A large settlement sends a strong message about the dangers of age discrimination and assumptions in the workplace.
A large recent settlement sends employers a warning about avoiding assumptions about their older employees’ retirement expectations.
Paul and Shirley Filiatrault established Tri-County Welding Supplies Ltd. In 1967 and sold it to Air Liquide Canada In. in September 2009. Both were fired four days later.
An agreement signed in 1996 gave the Filiatraults the right to trigger a purchase of Tri-County’s shares by Air Liquide when they were ready to sell, at a price set by a share purchase formula.
The agreement guaranteed the Filiatraults’s three sons their jobs for at least three years when Tri-County was sold, but there were no similar provision for Paul, then working as president and CEO, and Shirley, who was the VP of human resources.
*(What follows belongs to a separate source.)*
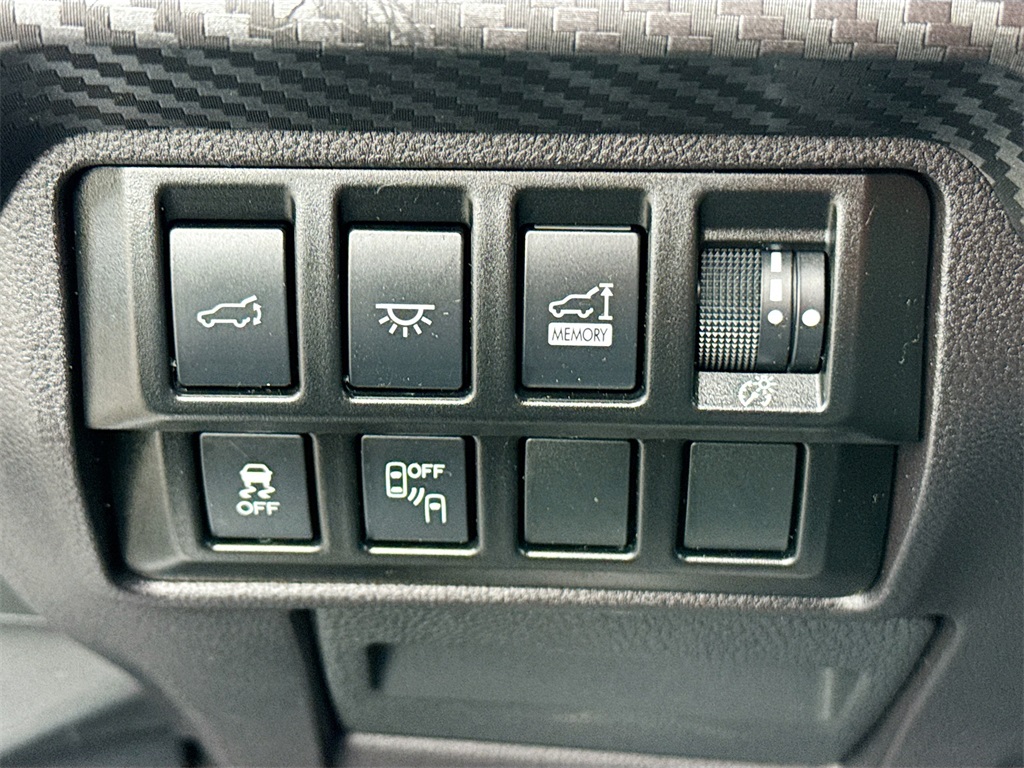 2022 Subaru Ascent Onyx Edition photo 5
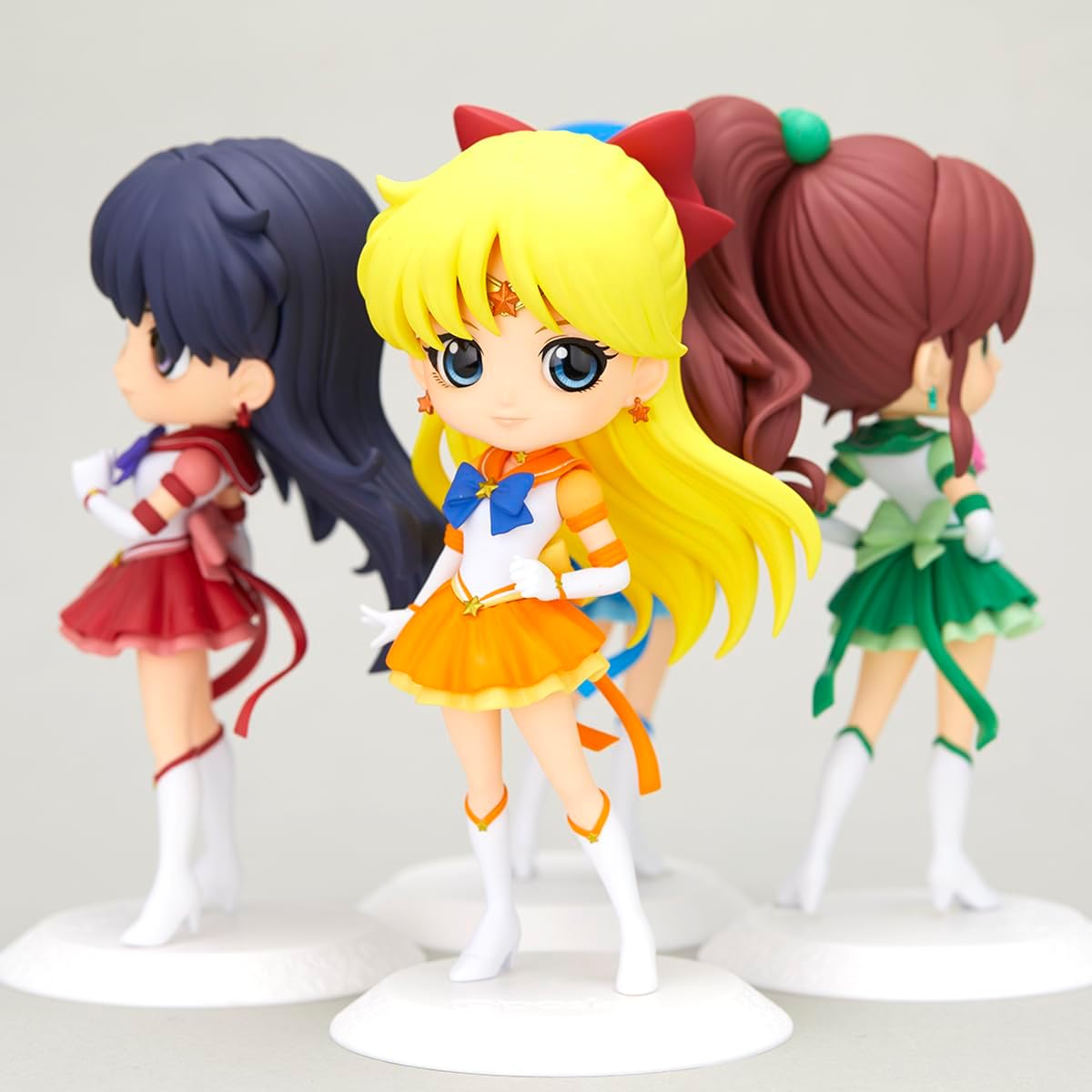 Banpresto Sailor Moon Cosmos The Movie Eternal Sailor Venus Q Posket Figure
Air Liquide argued that the owners could be fired without notice because the agreement did not specifically cover their terms of future employment. However, Justice Beth Allen found the $11 million the Filiatraults received did not mean they had to resign or retire if the company was sold.
The judge awarded $898,950 to Paul and $262,500 to Shirley.
“The end of mandatory retirement was expected to lead to some wrongful dismissal cases involving senior workers, and we are in fact beginning to see this,” York University professor of law David Doorey said. “In this case, there was no suggestion that the employees were incapable of performing the work. The case really turned on what the parties had agreed to.”
The already high award could have been even higher, but the plaintiffs agreed to take 18 months' notice. The court would likely have awarded more than 24 months.
“The court sent a clear signal that in the post mandatory retirement era, employers should never assume that seniors don't want to keep working, and nor should courts make that assumption,” Doorey said.
The court also found the two employees had tried to mitigate by looking for work, however, the odds of people in the early 80's finding reasonable, alternative employment are very low.
“Although it is unlawful to refuse employment based on age, few employers are hiring 82 year olds. This raises the question of whether requiring them to mitigate in the normal sense of sending out reams of job applications even makes sense,” Doorey said. “Certainly, employers will have a hard time showing that doing so would have lead the employee to find new comparable employment.”
Older workers are increasingly choosing to stay in the workforce, as shown by increasing employment rates for those aged 65-69, which almost doubled from 13% in 2000 to 23% in 2011.
It’s vital that HR and employers have conversations with employees about what they want and expect from their future with the company, whether that is to retire early, gradually reduce hours, or continue working until their 70s or 80s.